_Given entries_.
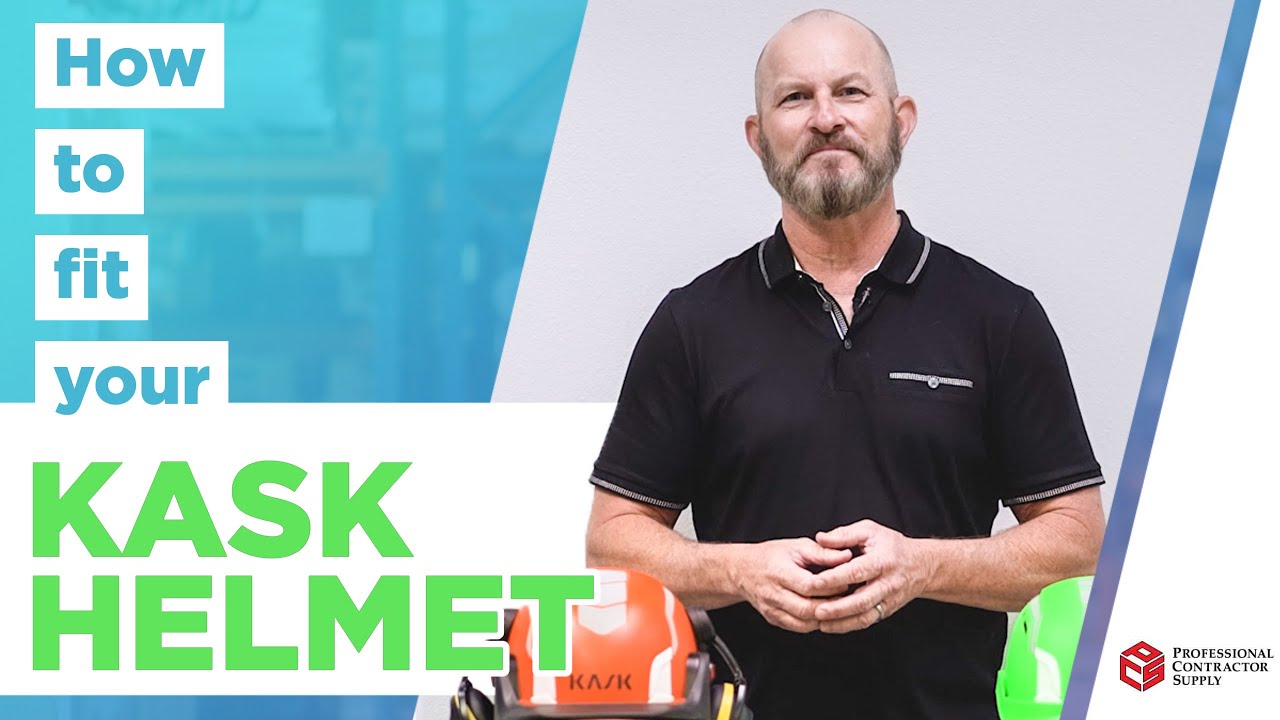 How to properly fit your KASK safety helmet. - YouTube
...
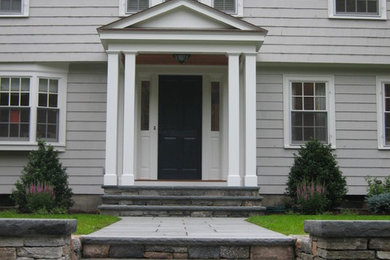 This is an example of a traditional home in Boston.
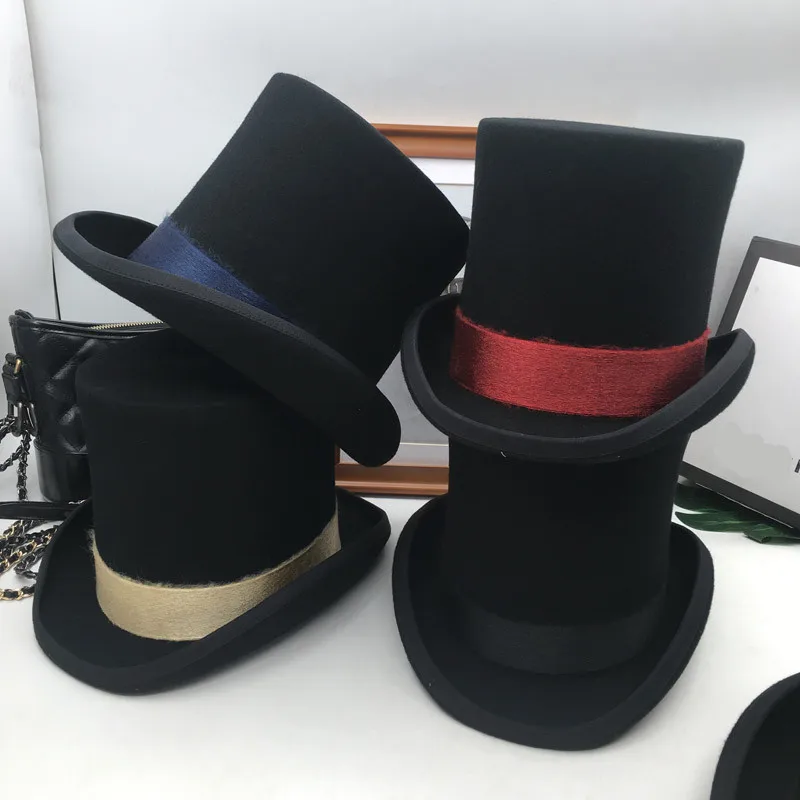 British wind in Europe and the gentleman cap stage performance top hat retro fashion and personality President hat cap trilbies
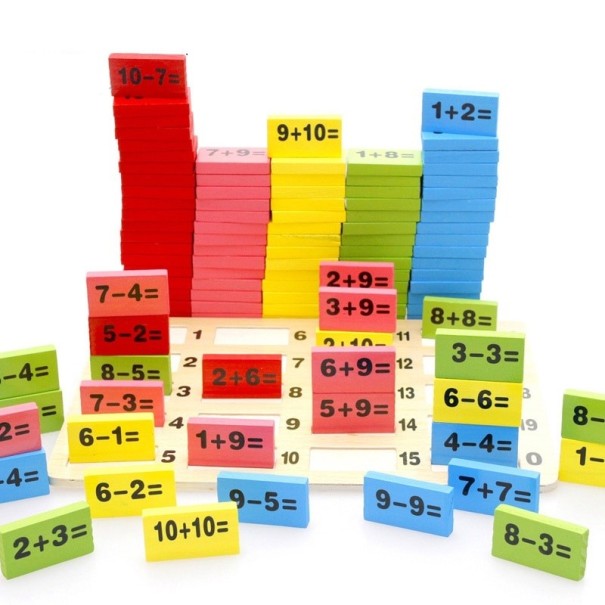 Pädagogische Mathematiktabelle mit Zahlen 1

_Task item_.
Copy word for word only the lines above from the one with "This is an example" through the one with "Pädagogische Mathematiktabelle mit Zahlen 1". Leave pictures out.

_Output_.
 This is an example of a traditional home in Boston.
 British wind in Europe and the gentleman cap stage performance top hat retro fashion and personality President hat cap trilbies
 Pädagogische Mathematiktabelle mit Zahlen 1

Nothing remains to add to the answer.